- **Provided data**:
================================

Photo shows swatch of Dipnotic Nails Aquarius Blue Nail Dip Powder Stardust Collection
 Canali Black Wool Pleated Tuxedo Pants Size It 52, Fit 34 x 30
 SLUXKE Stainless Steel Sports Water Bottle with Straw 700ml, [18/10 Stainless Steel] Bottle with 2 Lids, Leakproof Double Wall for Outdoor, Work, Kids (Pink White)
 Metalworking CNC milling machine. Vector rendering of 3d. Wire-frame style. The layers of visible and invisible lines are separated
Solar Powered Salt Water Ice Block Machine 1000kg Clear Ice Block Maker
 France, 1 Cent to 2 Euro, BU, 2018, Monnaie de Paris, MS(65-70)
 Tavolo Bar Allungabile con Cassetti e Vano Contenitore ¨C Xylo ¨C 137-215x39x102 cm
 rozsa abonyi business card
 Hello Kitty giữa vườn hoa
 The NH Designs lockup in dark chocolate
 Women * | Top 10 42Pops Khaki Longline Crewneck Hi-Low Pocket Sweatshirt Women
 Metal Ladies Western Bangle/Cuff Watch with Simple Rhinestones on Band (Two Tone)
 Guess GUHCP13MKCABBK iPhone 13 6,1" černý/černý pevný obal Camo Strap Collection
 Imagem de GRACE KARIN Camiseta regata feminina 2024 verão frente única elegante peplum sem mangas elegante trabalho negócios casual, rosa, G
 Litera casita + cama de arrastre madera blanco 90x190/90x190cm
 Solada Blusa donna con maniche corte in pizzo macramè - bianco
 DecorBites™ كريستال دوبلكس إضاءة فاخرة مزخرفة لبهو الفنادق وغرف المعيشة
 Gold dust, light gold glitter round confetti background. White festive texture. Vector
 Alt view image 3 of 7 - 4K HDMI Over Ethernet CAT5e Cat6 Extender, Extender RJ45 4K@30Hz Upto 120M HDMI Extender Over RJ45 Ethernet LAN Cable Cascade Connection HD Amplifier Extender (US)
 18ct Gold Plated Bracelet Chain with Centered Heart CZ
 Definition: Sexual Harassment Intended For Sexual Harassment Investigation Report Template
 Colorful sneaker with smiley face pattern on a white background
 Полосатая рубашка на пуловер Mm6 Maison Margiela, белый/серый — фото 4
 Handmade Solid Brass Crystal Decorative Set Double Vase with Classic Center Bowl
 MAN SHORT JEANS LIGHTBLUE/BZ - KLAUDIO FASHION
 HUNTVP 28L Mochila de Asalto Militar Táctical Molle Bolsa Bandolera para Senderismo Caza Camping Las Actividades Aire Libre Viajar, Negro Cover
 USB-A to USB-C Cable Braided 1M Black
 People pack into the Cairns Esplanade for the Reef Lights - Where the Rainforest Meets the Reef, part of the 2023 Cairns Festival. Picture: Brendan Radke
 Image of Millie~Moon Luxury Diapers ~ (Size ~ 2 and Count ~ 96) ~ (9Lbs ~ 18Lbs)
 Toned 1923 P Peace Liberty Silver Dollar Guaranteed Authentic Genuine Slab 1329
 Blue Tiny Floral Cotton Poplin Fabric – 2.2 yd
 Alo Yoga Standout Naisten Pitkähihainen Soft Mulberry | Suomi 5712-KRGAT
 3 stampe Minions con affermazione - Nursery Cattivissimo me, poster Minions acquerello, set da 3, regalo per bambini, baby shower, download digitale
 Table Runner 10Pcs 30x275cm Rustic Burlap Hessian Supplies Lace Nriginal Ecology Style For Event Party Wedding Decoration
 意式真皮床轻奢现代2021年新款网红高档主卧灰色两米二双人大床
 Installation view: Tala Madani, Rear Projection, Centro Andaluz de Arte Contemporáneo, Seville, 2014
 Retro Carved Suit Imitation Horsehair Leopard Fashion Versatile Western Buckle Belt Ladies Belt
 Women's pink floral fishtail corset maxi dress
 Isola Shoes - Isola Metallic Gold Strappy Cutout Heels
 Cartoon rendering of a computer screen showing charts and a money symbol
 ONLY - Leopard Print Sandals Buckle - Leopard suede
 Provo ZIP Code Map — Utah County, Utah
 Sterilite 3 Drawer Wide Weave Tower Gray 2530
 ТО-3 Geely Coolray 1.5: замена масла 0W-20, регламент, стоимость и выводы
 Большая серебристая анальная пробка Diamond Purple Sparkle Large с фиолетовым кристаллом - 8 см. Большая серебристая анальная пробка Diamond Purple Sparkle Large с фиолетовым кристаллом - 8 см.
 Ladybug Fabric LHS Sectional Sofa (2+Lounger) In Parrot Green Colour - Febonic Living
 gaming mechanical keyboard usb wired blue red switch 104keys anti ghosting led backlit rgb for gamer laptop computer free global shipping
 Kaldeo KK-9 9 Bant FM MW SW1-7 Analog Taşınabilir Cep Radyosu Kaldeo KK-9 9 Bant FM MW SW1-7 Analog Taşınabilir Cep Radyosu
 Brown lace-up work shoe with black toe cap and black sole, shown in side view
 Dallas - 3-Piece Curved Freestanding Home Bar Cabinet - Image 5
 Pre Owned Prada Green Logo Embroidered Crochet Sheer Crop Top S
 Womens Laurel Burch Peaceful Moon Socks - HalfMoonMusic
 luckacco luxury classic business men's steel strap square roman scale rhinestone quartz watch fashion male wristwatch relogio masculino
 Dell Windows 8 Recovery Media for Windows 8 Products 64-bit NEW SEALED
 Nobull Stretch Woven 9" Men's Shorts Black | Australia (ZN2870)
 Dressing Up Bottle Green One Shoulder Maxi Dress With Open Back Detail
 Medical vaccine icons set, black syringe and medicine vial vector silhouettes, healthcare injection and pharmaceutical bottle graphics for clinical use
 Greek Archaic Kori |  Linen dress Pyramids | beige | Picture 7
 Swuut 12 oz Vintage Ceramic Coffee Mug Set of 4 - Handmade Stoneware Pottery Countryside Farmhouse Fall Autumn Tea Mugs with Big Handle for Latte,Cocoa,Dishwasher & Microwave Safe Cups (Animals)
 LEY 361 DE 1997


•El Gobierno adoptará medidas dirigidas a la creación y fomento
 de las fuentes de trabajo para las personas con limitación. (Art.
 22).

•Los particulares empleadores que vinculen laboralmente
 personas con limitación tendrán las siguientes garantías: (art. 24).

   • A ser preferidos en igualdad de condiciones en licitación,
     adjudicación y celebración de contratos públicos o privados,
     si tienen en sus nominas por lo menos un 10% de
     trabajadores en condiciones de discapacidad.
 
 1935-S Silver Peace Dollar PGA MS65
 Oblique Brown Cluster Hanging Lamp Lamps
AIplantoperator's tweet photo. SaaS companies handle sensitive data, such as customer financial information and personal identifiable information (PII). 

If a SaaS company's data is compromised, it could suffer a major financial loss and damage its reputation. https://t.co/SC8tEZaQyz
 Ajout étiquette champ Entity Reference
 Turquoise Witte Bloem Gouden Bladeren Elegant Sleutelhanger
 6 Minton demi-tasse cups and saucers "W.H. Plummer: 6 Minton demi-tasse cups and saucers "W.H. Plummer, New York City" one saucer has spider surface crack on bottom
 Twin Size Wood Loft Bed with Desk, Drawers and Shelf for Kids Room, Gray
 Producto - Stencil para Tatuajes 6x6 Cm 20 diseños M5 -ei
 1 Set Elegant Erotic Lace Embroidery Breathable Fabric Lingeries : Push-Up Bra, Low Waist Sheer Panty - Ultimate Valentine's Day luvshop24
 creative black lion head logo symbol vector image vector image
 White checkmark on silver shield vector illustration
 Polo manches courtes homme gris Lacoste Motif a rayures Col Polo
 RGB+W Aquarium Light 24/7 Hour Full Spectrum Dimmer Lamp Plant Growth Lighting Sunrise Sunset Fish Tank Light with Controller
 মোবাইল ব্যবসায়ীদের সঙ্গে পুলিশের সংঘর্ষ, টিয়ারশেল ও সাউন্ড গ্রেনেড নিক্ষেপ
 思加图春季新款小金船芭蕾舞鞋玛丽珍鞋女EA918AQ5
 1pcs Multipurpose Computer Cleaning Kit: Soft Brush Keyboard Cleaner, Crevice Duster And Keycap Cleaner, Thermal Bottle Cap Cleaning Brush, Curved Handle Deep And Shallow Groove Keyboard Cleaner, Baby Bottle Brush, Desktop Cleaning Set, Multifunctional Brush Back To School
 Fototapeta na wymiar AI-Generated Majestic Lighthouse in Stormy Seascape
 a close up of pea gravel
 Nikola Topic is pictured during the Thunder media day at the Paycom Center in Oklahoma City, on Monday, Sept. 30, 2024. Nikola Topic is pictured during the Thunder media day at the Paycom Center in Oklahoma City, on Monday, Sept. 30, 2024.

================================

- **Exercise requirements**: Only the lines from the top of the data through the line that contains "Guess GUHCP13MKCABBK iPhone" should be quoted, exactly as they stand.

- **Task solution**:
Photo shows swatch of Dipnotic Nails Aquarius Blue Nail Dip Powder Stardust Collection
 Canali Black Wool Pleated Tuxedo Pants Size It 52, Fit 34 x 30
 SLUXKE Stainless Steel Sports Water Bottle with Straw 700ml, [18/10 Stainless Steel] Bottle with 2 Lids, Leakproof Double Wall for Outdoor, Work, Kids (Pink White)
 Metalworking CNC milling machine. Vector rendering of 3d. Wire-frame style. The layers of visible and invisible lines are separated
Solar Powered Salt Water Ice Block Machine 1000kg Clear Ice Block Maker
 France, 1 Cent to 2 Euro, BU, 2018, Monnaie de Paris, MS(65-70)
 Tavolo Bar Allungabile con Cassetti e Vano Contenitore ¨C Xylo ¨C 137-215x39x102 cm
 rozsa abonyi business card
 Hello Kitty giữa vườn hoa
 The NH Designs lockup in dark chocolate
 Women * | Top 10 42Pops Khaki Longline Crewneck Hi-Low Pocket Sweatshirt Women
 Metal Ladies Western Bangle/Cuff Watch with Simple Rhinestones on Band (Two Tone)
 Guess GUHCP13MKCABBK iPhone 13 6,1" černý/černý pevný obal Camo Strap Collection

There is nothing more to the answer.